Most of the questions appear to be posed to OpenAI’s ChatGPT. CIRCA has published the answers on its website, too, so the public can view AI’s responses to the most thoughtful of questions. Ai’s own thoughts are posted alongside those of AI’s.

Their views, inadvertently, differ. For example, to the question “If an artist is not an activist, can he/she still be considered an artist?”, the two have vastly opposing views. Ai posited that “An artist who is not an activist would, without a doubt, be akin to a lifeless entity”, while ChatGPT took a predictable stance: “Yes, an artist can still be considered an artist even if they are not an activist.”

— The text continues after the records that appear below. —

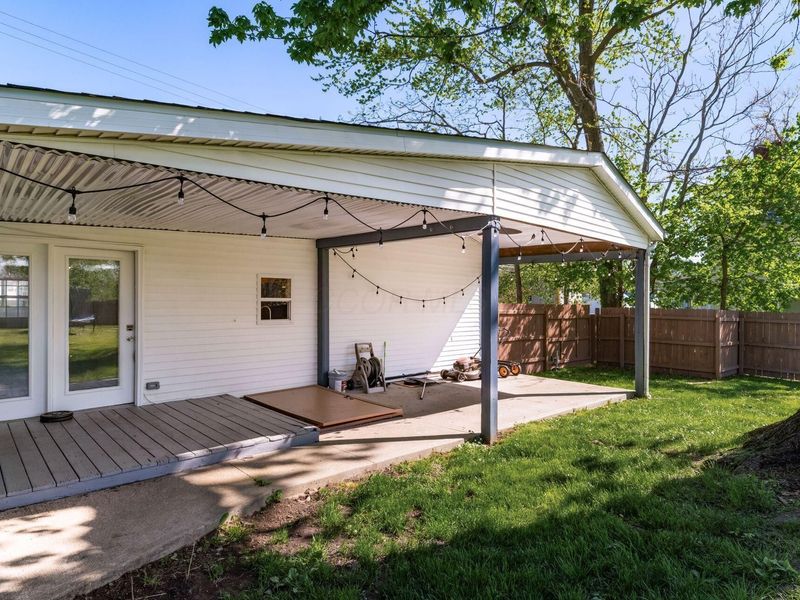 839 Pike Street SW, Etna, OH 43018 Photo 30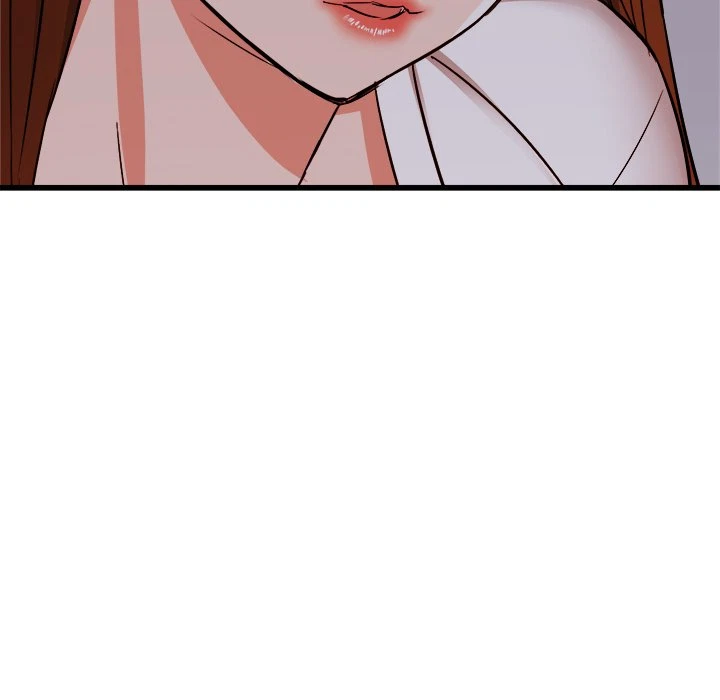 Chapter 16, page 28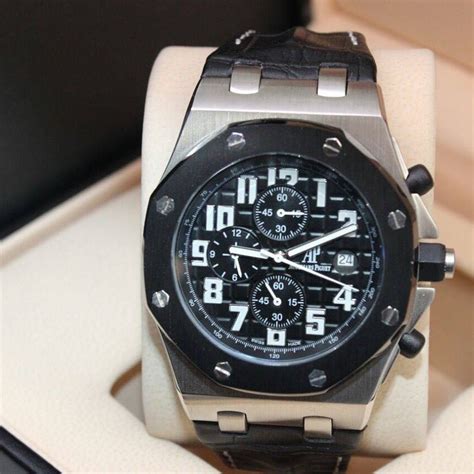 dubai fake watches prices|master copy watches dubai.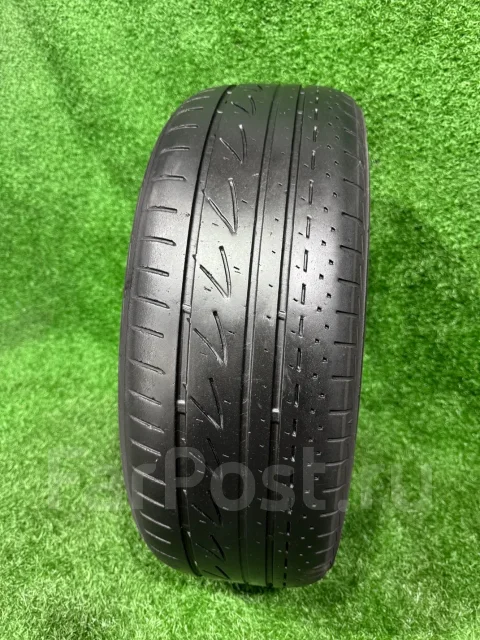 Bridgestone Luft RV. ������, 2019 ���, �/�, ����� 30 % ����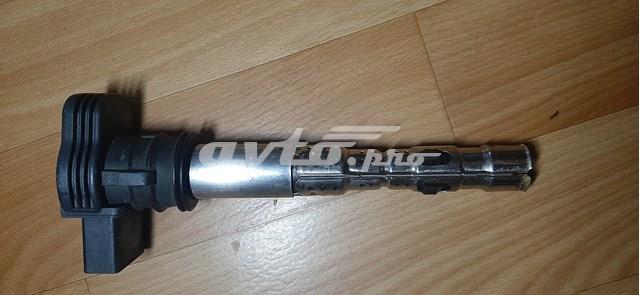 VAG 06F905115F Катушка зажигания в наличии Каменское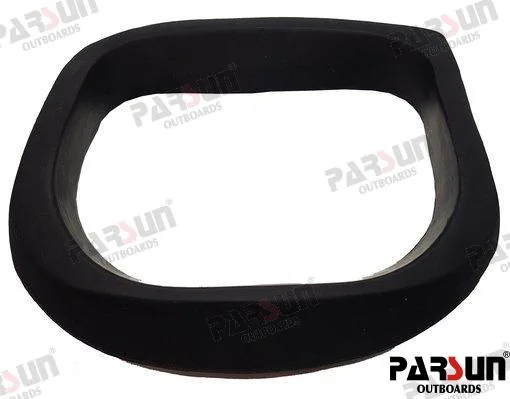 Joint Parsun moteur F9.9, F13.5, F15 - réf PAF15-07130304
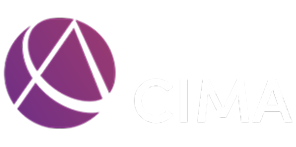 icon1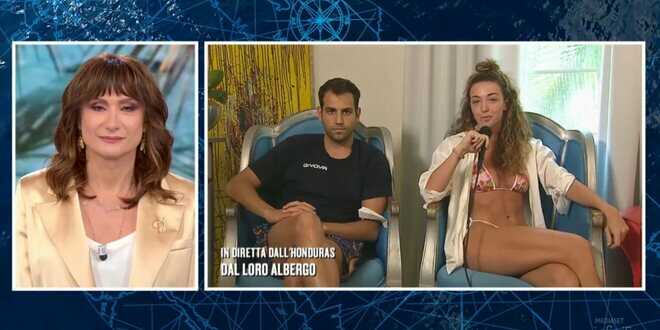 Greta Zuccarello e Aras Senol positivi al Covid: come stanno e quando rientreranno in gioco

Loose papers on a floor presenting questions by Ai Weiwei.

Behind-the-scenes of Ai’s project.
Credit: CIRCA.

Ai also asks questions of AI itself, speaking to the interiority — or lack thereof — within the machines that are now omnipresent in daily life: “What is the one question you would like to ask humans?”, for example, and “How much energy did you use to answer this question?”.

A billboard in London presenting a question by Ai Weiwei.

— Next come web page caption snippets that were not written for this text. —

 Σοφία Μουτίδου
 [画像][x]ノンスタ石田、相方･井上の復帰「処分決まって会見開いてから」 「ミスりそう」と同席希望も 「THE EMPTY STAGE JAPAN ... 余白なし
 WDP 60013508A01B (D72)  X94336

Ai v AI in London’s Piccadilly Circus.
Credit: CIRCA.

The project is derived from a set of 172 questions (entitled “Tiānwèn” or “The Heavenly Questions”) written to the gods by Chinese poet and aristocrat Qu Yuan, who inscribed his queries on the walls of a temple nearly 2,300 years ago. Simultaneously, it is inspired by the interrogation by authorities that Ai himself faced when in detention. The latter examines who has the power to question.

“This is not about freedom of speech. This is about freedom of questions,” says Ai in a statement. “Everybody has the right to ask questions.”

Each query will be presented on specific dates, running from Jan. 11 to March 31. In the selected cities, the billboards will display Ai’s thoughts at 20:24 local time each day, displaying answers by Ai and AI systems comparatively. The nod to the number “24” is, too, intentional: according to the Chinese zodiac cycle, 2024 is a year of transformation, evolution, and change.

The project platforms not only rising systems of technology with its emphasis on artificial intelligence, but also brings to light access to information, the power within questioning, and the importance of doing so.

“If humans will ever be liberated, says Ai, “it will be because we ask the right questions, not provide the right answers.”